In circumstances where the death is unexpected and unexplained it will be necessary to pursue enquiries/investigations involving LSCP partner agencies: Police, Health and Social Care as a minimum, but others as appropriate. In these circumstances agencies are required to follow the Sudden Unexpected Death in Childhood (SUDiC) Protocol (0-18 years) (see Sudden Unexpected Deaths in Childhood Protocol). It is important that an appropriate balance is achieved between forensic and medical requirements for investigation and the family's need for support.
An unexpected death is defined as, 'the death of a child that was not anticipated as a significant possibility, for example 24 hours before the death; or where there was a similarly unexpected collapse or incident leading to or precipitating the events that led to the death'.
The Designated Paediatrician should be consulted where professionals are uncertain about whether the death is unexpected. If in doubt these procedures should be followed until the available evidence enables a different decision to be made, and always with the consent of the Coroner.
When a child dies unexpectedly, several investigative processes may be instigated, particularly when abuse or neglect is a factor. In following the SUDiC protocol (see Sudden Unexpected Deaths in Childhood Protocol) the guidance will ensure that the relevant professionals and organisations work together in a co-coordinated way, in order to minimise duplication and ensure that the lessons learnt contribute to safeguarding and protecting the welfare of children in the future.
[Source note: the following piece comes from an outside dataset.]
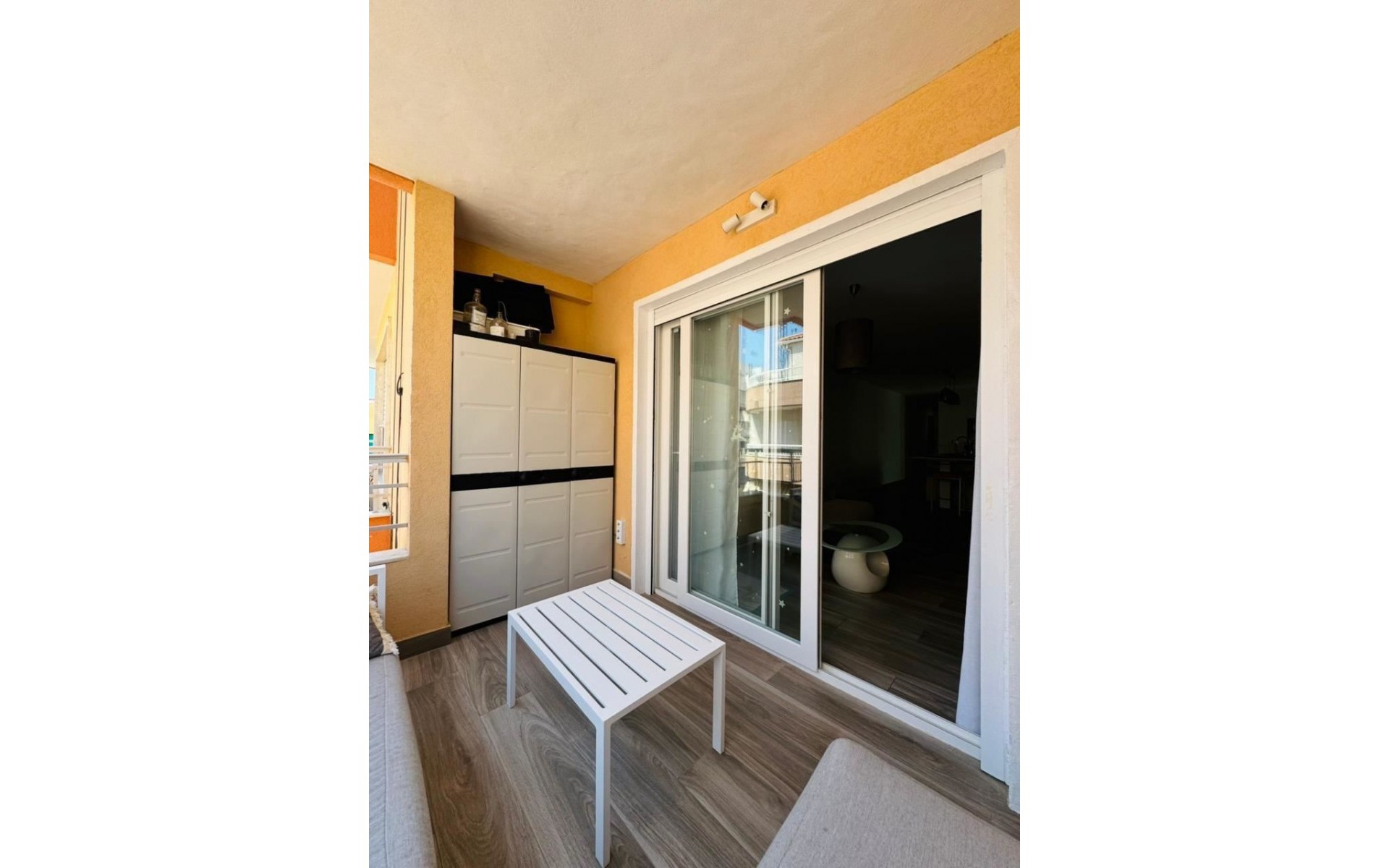 Resale - Apartment - Torrevieja - Torrevieja Centro
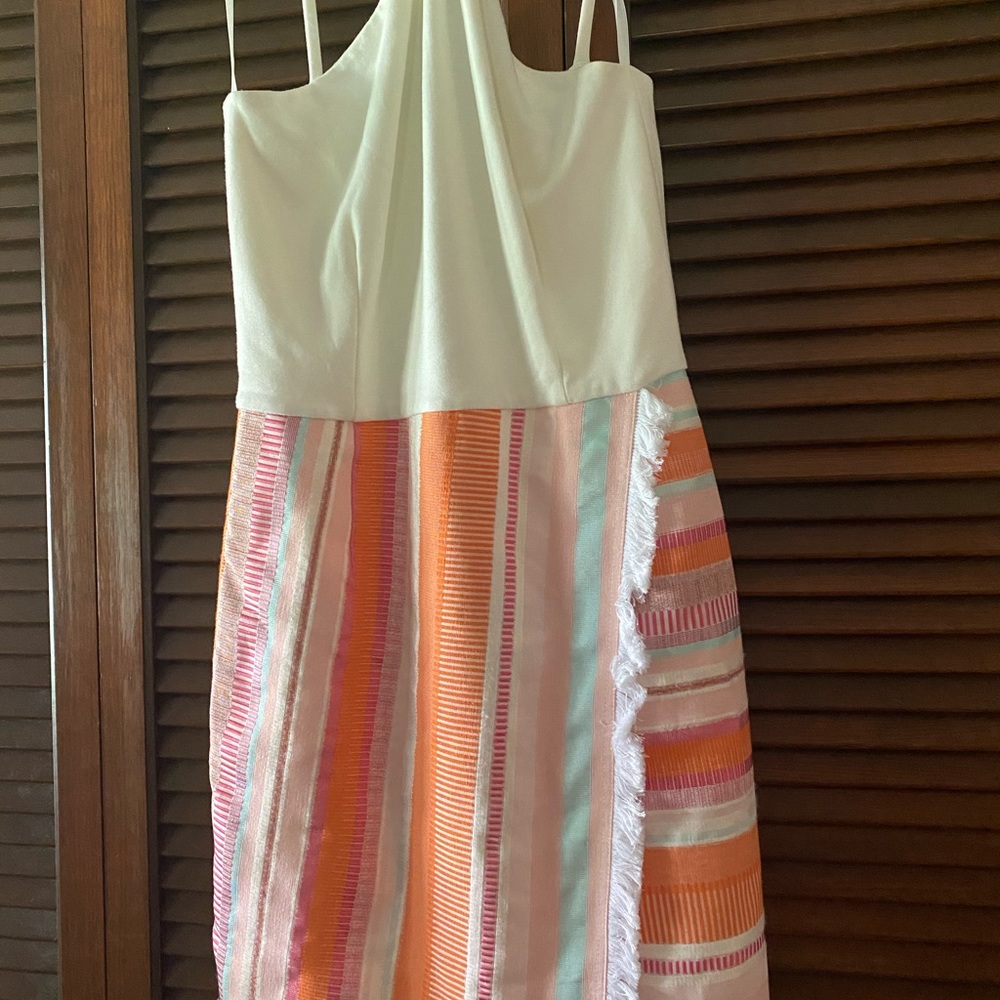 Summer dress sleveless size 4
Where there is an ongoing criminal investigation, the Crown Prosecution Service must be consulted as to what is appropriate for the professionals to be doing, and what actions to take in order not to prejudice any criminal proceedings.
The Coroner is notified of all sudden unexpected deaths immediately after they occur and there is regular consultation with the Coroner for the duration of any investigation and subsequent proceedings as per the SUDiC protocol. Not all child deaths are notified to the Coroner, it is not necessary if the cause of the child's death is known and there are no concerning circumstances.
However, under the Coroners (Investigations) Regulations 2013, where the coroner decides to conduct an investigation or directs that a post mortem should take place, the Coroner must provide to the LSCP all information held by the Coroner relating to the child's death.
Where the Coroner makes a report to prevent other deaths, a copy must be sent to the LSCP.
Merseyside CDOP has produced a leaflet entitled 'What we have to do when a child dies' that is distributed by Merseyside Registrars on behalf of CDOP. This occurs when the child's death is registered. If an inquest is being held the leaflet is given as part of the Inquest pack as registration of the cause of death will not occur until the Inquest has concluded.
Parents, families and carers can participate in the CDOP process through conveying written or verbal information to the CDOP Manager or a panel member. They cannot attend the meeting, but can meet the CDOP Manager or a panel member should they wish.
The Department for Education produced a leaflet entitled 'The Child Death Review' that describes a number of processes associated with a child's death, including the Inquest and post mortem, in addition to the review by a Child Death Overview Panel.